[ACTION ITEM]: The lines to extract begin at the line that contains "ZYM, an adoptable" and run through the last line of the listing; reproduce them exactly, minus any pictures.
[AVAILABLE DATA]
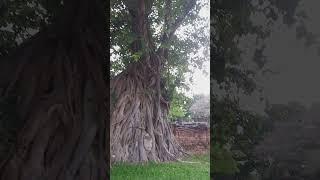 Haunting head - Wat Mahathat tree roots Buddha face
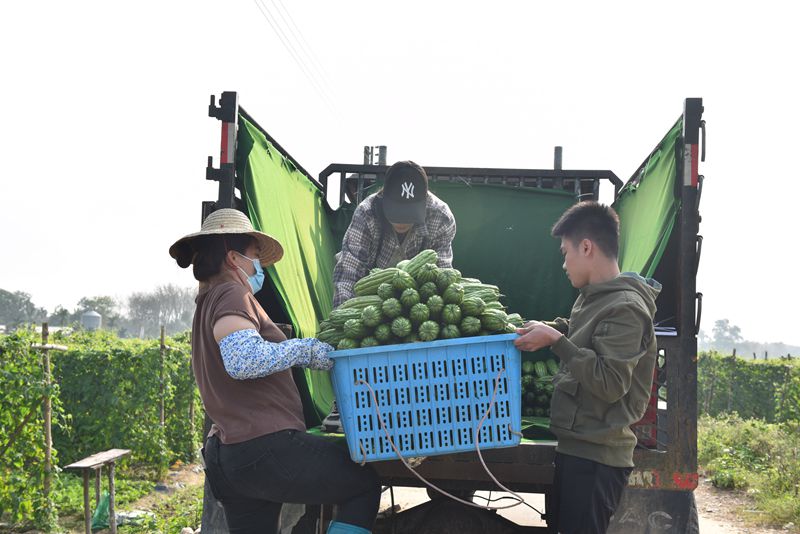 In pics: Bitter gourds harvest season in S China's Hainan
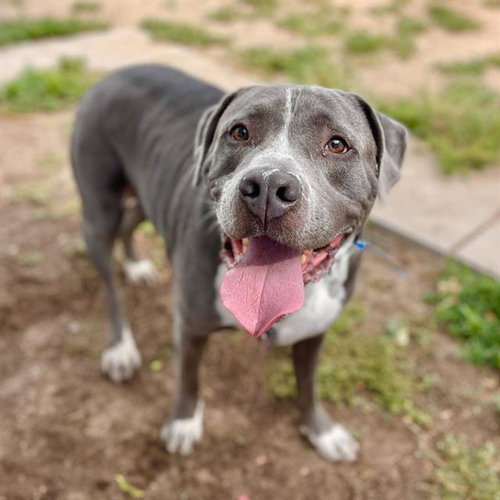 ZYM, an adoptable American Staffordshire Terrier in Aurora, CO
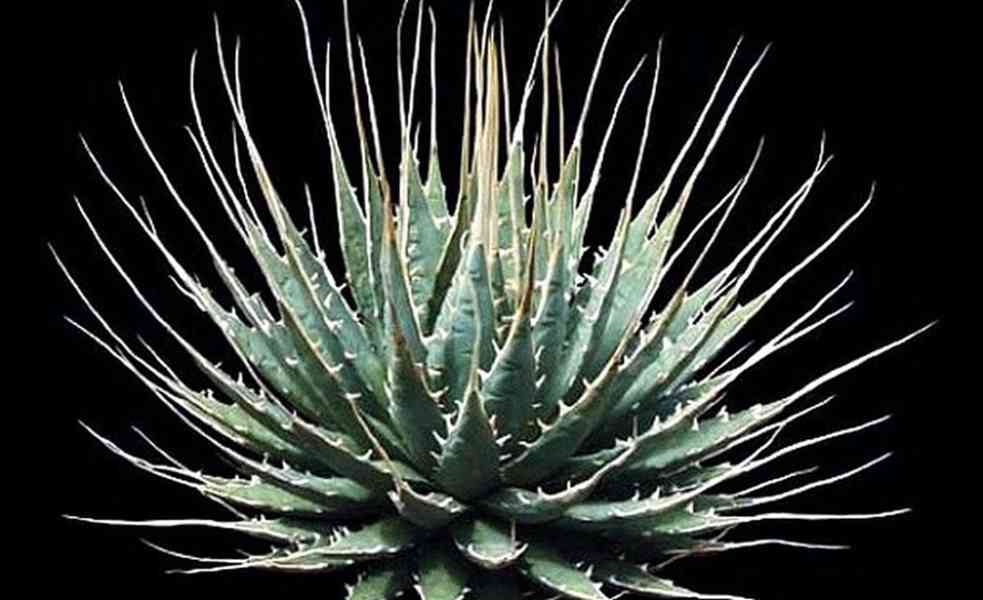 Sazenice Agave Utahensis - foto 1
[/AVAILABLE DATA]
[EXERCISE RESPONSE]:
 ZYM, an adoptable American Staffordshire Terrier in Aurora, CO
 Sazenice Agave Utahensis - foto 1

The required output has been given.